GLASS HALF FULL ATTITUDE
It’s actually a technological, mathematical and financial marvel that we were able to get the probe to Pluto and Charon at all, or so Robert Frost, instructor and flight controller at NASA believes. If we were to make New Horizons an orbiter mission, the complexity and cost would have increased many-fold.
CONDITIONS OF SPACE EXPLORATION
Firstly, in order for a spacecraft to lift off of the Earth’s surface at all, we need some way of propelling it off of the surface. Presently we use chemical rockets, which burn hot and fast. The downside is that the fuel itself has weight, and therefore we actually have to load extra fuel to launch fuel into space, which leaves no room for course changes once the spacecraft is spacebound. This creates a sort of rocket-paradox that NASA solved long ago: by using other planets’ gravity wells as a means of slingshotting around the solar system, we can add velocity to any body in space without the extra fuel.

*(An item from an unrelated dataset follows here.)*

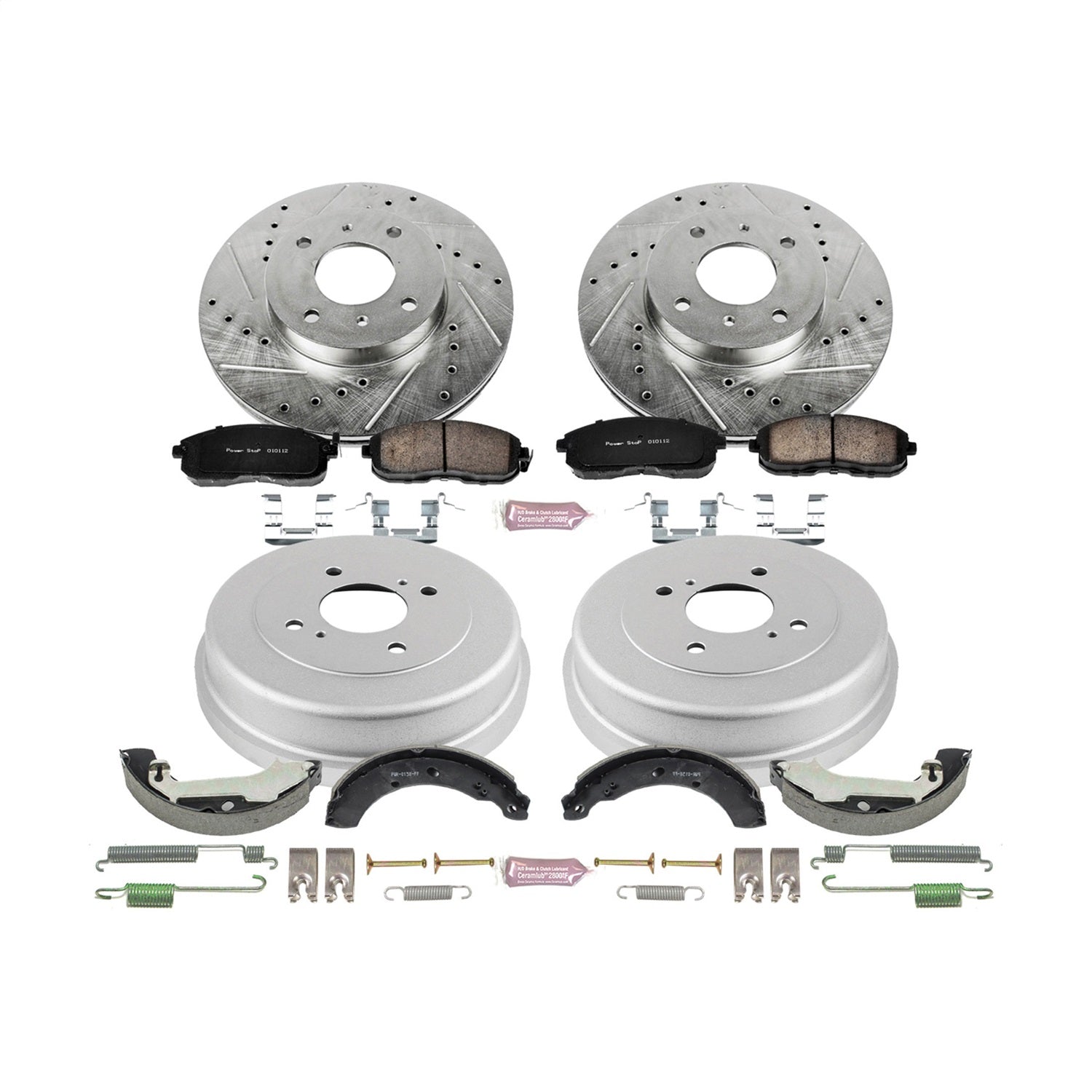 PowerStop Front & Rear Z23 Evolution Sport Brake Kit | Nissan Altima (00-01) (K15207DK)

ROADBLOCKS OF SPACE EXPLORATION
This allows us to greatly reduce transit time in between planets of our solar system. However, this also means that only planetary bodies with a relatively large mass have any hope of capturing our spacecraft and gently guiding it into orbit. For all its charms, Pluto is still a dwarf planet, which means its gravity is fairly weak. At less than a ninth of our own gravity on Earth, we would have either needed to pack a lot more fuel for a major deceleration, or forgone the entire slingshot method to keep New Horizons from going too fast to enter orbit with Pluto–but this would have made the probe’s trip so long that public interest may have totally died out.
And none of these reasons listed so far accounts for the pull of the Sun’s gravity, which, being strong enough to hold the likes of Jupiter and Saturn in orbit, means that New Horizons literally had to be the fastest vehicle ever launched out of Earth orbit, further compounding the challenge of Plutonian orbit.
Unfortunately, every mission to space is ultimately governed by the money we can muster to launch them. Even acquiring approval to launch the flyby took NASA two years, and two previous plans to visit Pluto were cancelled. It’s a complicated issue, but remember that despite all the challenges, we did make it to Pluto, after all.